The body, spacious, timeless

  • Are we certain that all we can ever know is, in the first place, Awareness, our direct raw experience?
    “Awareness” meaning sensory awareness including our mental sense: all our “input” as we would say, speaking dualistically.
  • Does the full realisation then strike us that all we truly are is Awareness? Even any idea of what we are is itself a thought, Awareness.
  • This uncontrived, uncomplicated, unthought, unfiltered, natural immediate Awareness is Emptiness, this is Awakened mind which we then conceptualise, frame, elaborate,and believe, thus obscuring its Awake-ness.

To break through to this recognition, freeing ourselves of the usual view we take on our experience, we can approach through appreciating spacioiusness, and timelessness. Meditation can allow us to notice the edgeless, boundless, spaciousness of experience, as its inherent quality. If we meditate with bodily sensations as our focus, we feel them as an abstract display, distinct spatially. Staying with this mysterious wonder, we actually experience something quite different from our usual idea of what our body is: solid, continuous, a fixed object.

We could also become focussed upon the impermanent aspect of these sensations, their continual change. They are so instantaneous, spontaneously arising like a firework display or a piece of music, an unstoppable flow, never still, without any fixed present moment we could isolate. LIke a river or a sound, the flow IS the body. Everything is so immediate that all that appears is instantly gone, nothing there to fix upon. Again, this contradicts our notion of our body as a mass of physical flesh and bone.

My material body, no sensations under anaesthetic!
body as material

These meditations can undermine our belief that our view of the body is the ultimate truth of it. Not that we need abandon our material view, rather we can notice that it is a view, a way of seeing, of approximating a concept from our uncatchable experience. We know now that the raw experience is the ground upon which any view is constructed, even if we only have the briefest of glimpses of it.
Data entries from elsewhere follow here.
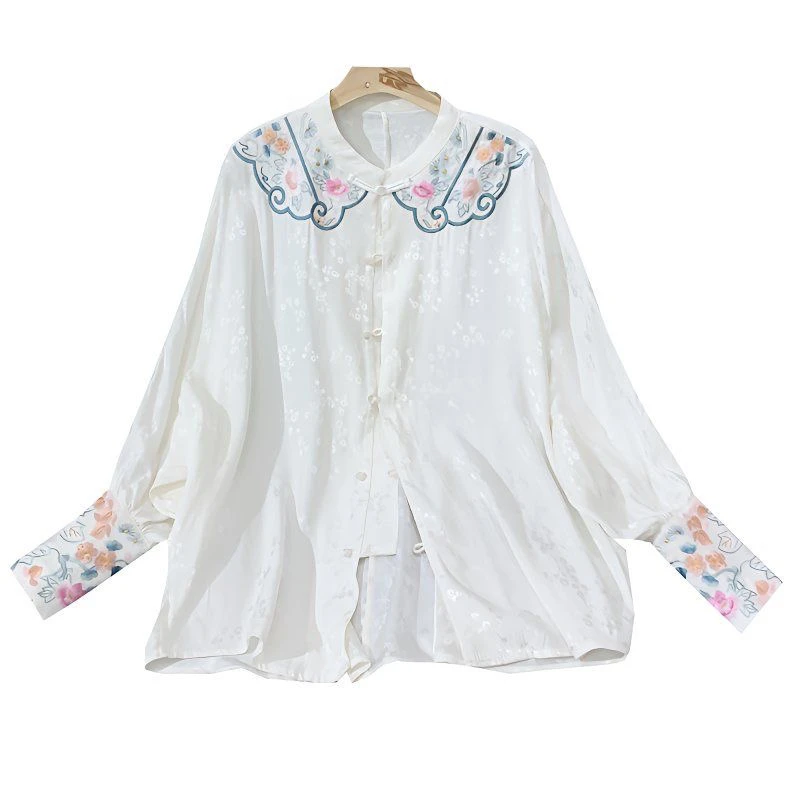 新中式国风刺绣上衣女2025春季时尚宽松衬衣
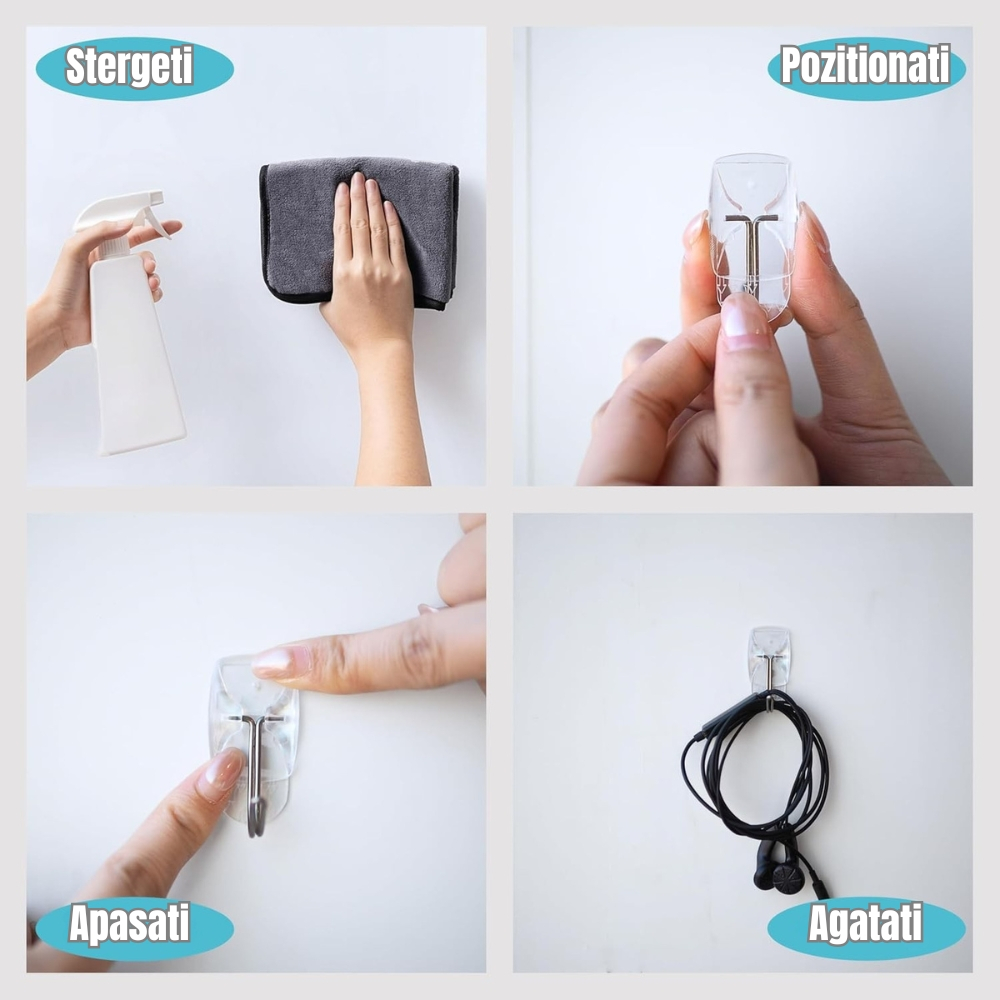 Carlige autoadezive transparente fara gauri in pereti set 20 cu benzi adezive pentru organizare [5]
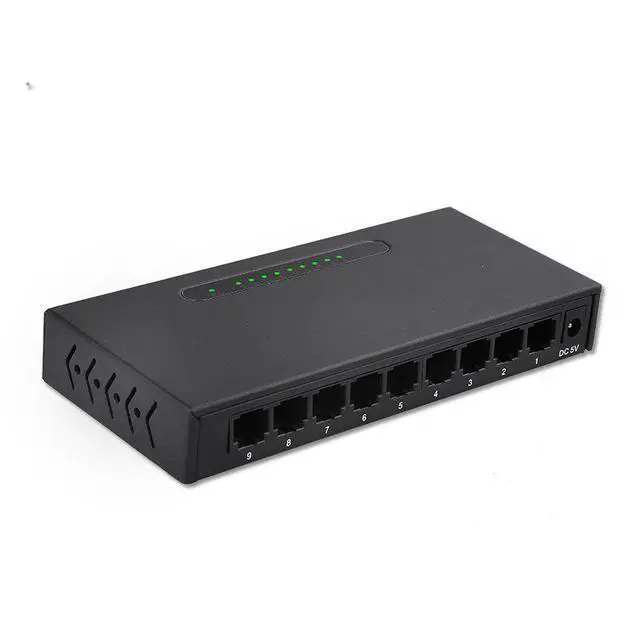 Alt view image 2 of 3 - 9-Port Fast Ethernet Switch RJ45 Network Hub, 100Mbps High-Speed Distribution Splitter for Surveillance/Home/Office, Metal Housing, Black
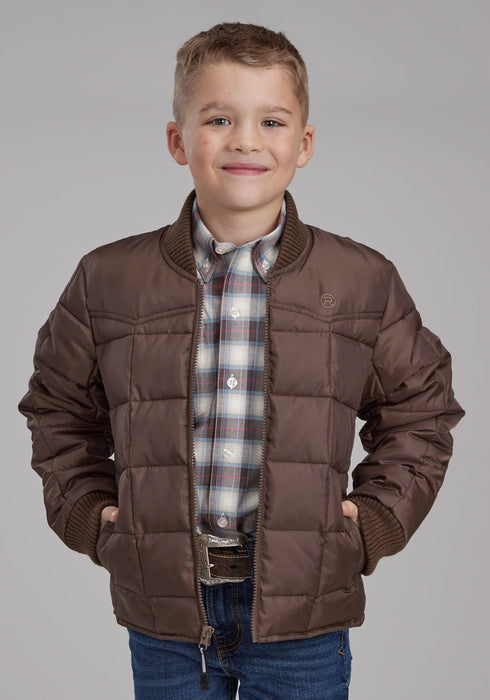 Roper Kids Boys Poly Fill Western Chocolate 100% Polyester Softshell Jacket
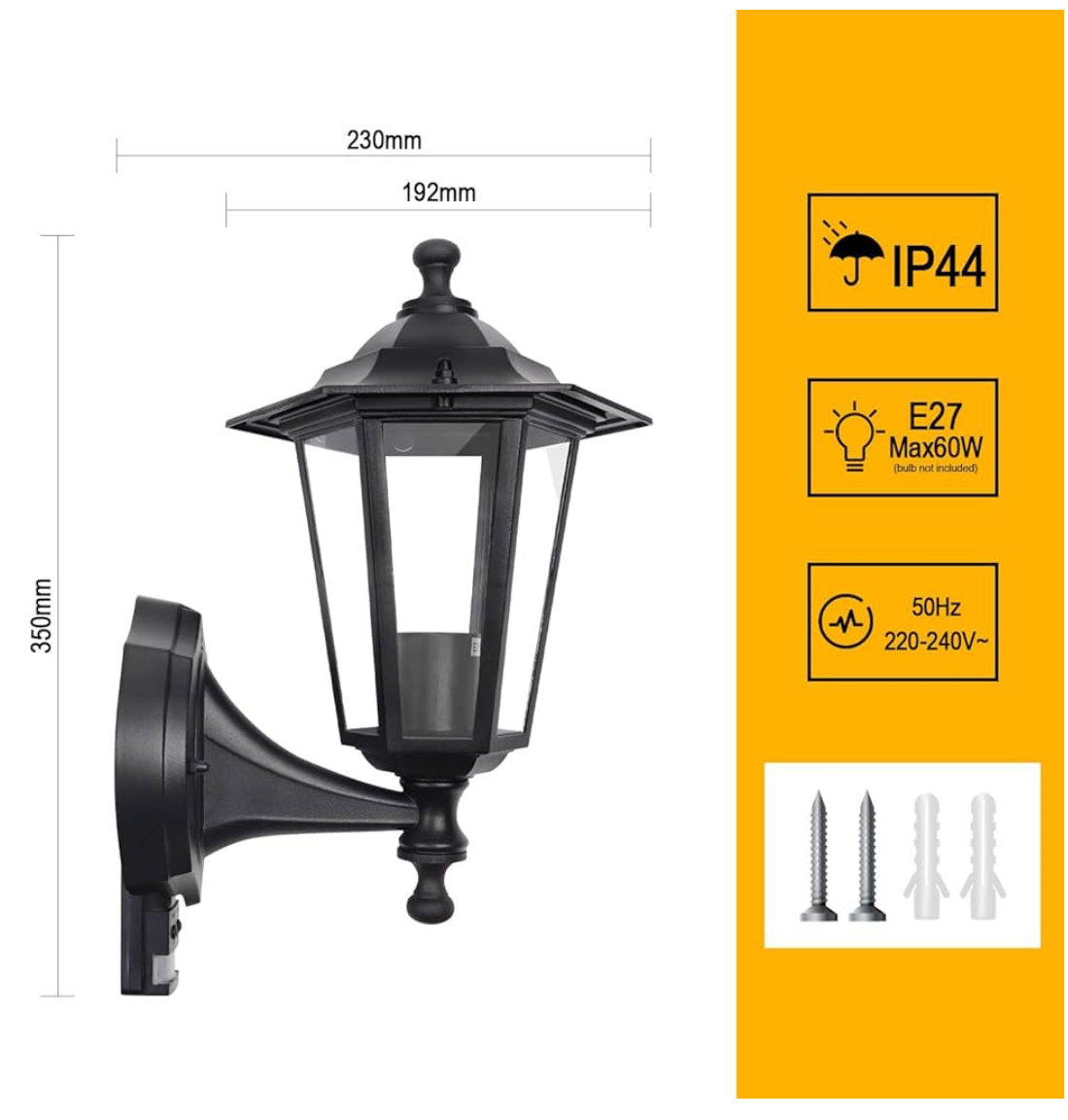 Outdoor 6 Sided Black Wall Lantern Security Light IP44 Weatherproof (includes warm white Lamp E27)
We can observe our body as sensation-space and sensation-instantaneousness at the same time, becoming familiar with how sensation fundamentally is. Of course this is true for all our experience: could we stop an instant of thought? Or see it as a solid thing? We can discover ourselves as such an evanescent, unfindable, unstoppable, spacious, timeless experience. Everything, body, thoughts, and our “world” are just this.